**Supplied material:**
------------------------------------------------

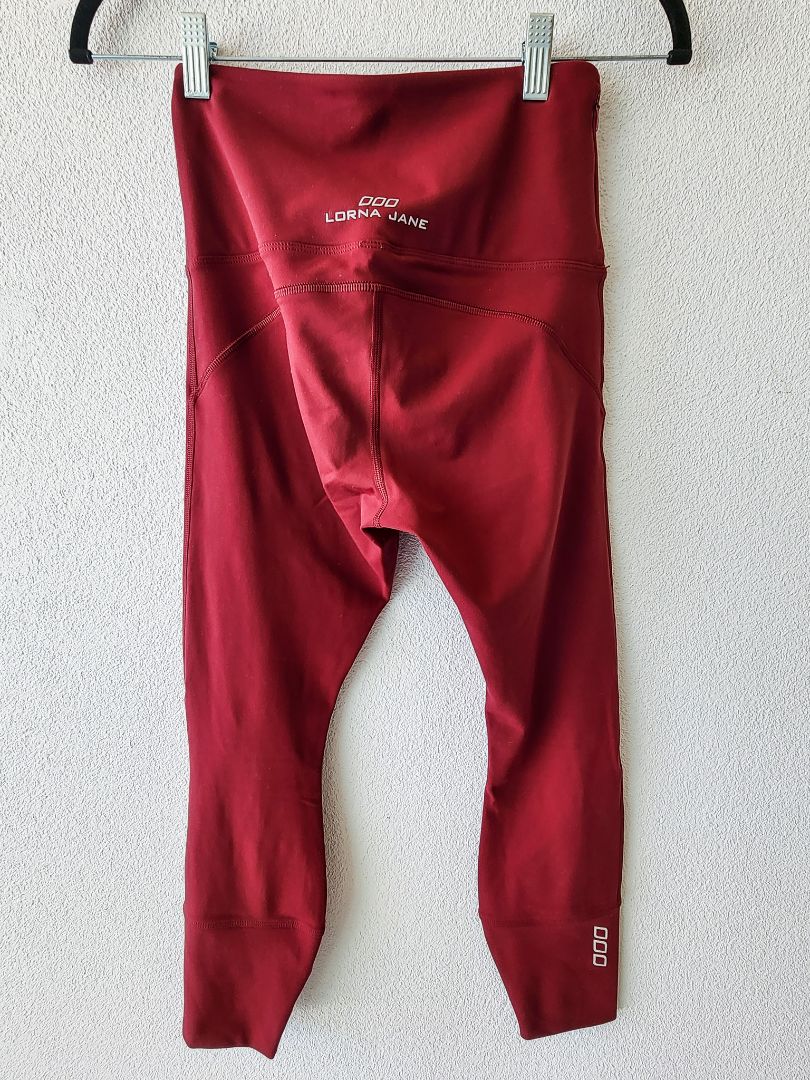 Lorna Jane Pants XS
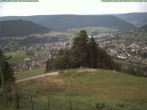 Archiv Foto Webcam Baiersbronn im Schwarzwald 13:00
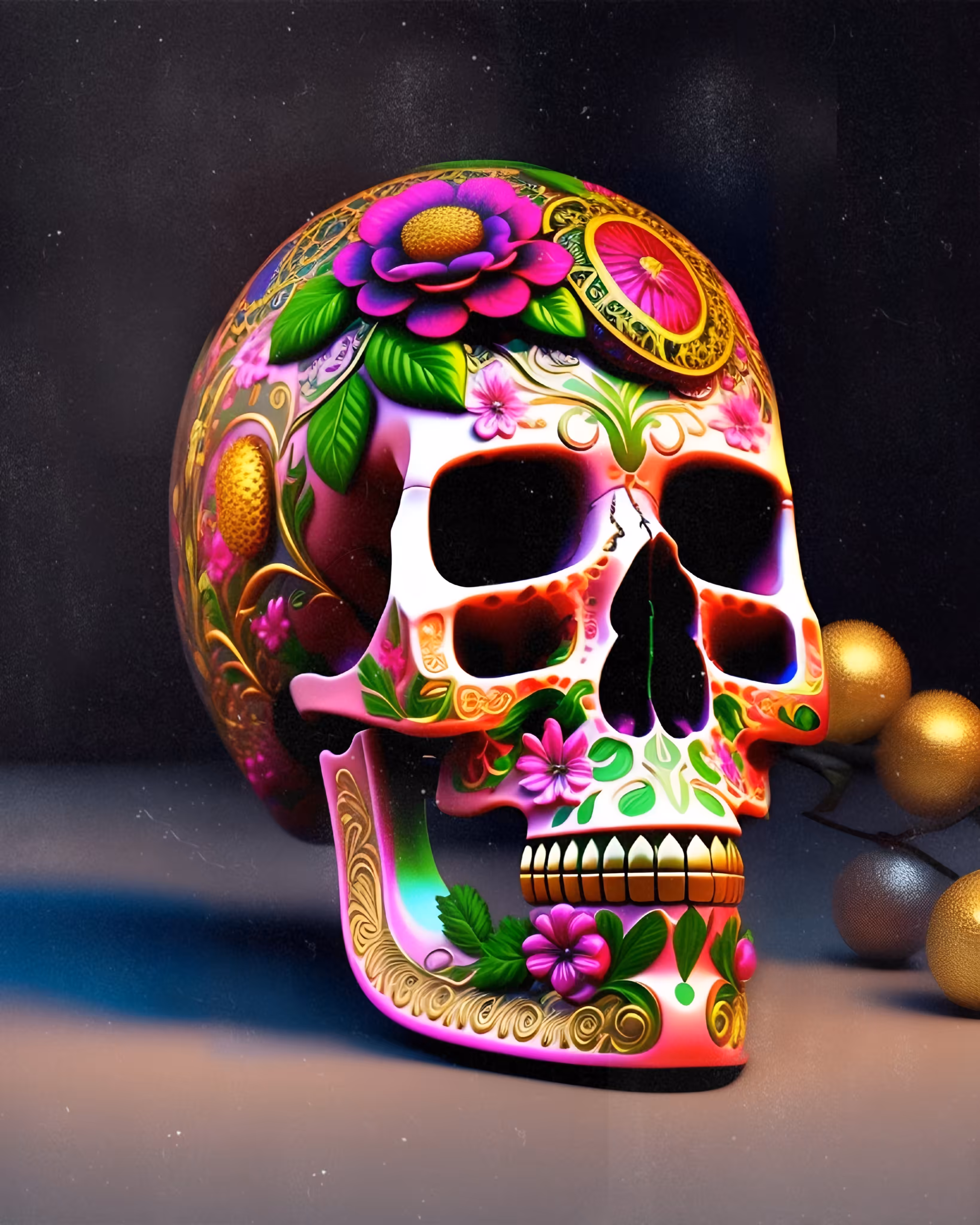 Skullz #2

------------------------------------------------

**Exercise details:**
A verbatim copy of the data, free of pictures, is the expected answer.

**Exercise solution:**
 Lorna Jane Pants XS
 Archiv Foto Webcam Baiersbronn im Schwarzwald 13:00
 Skullz #2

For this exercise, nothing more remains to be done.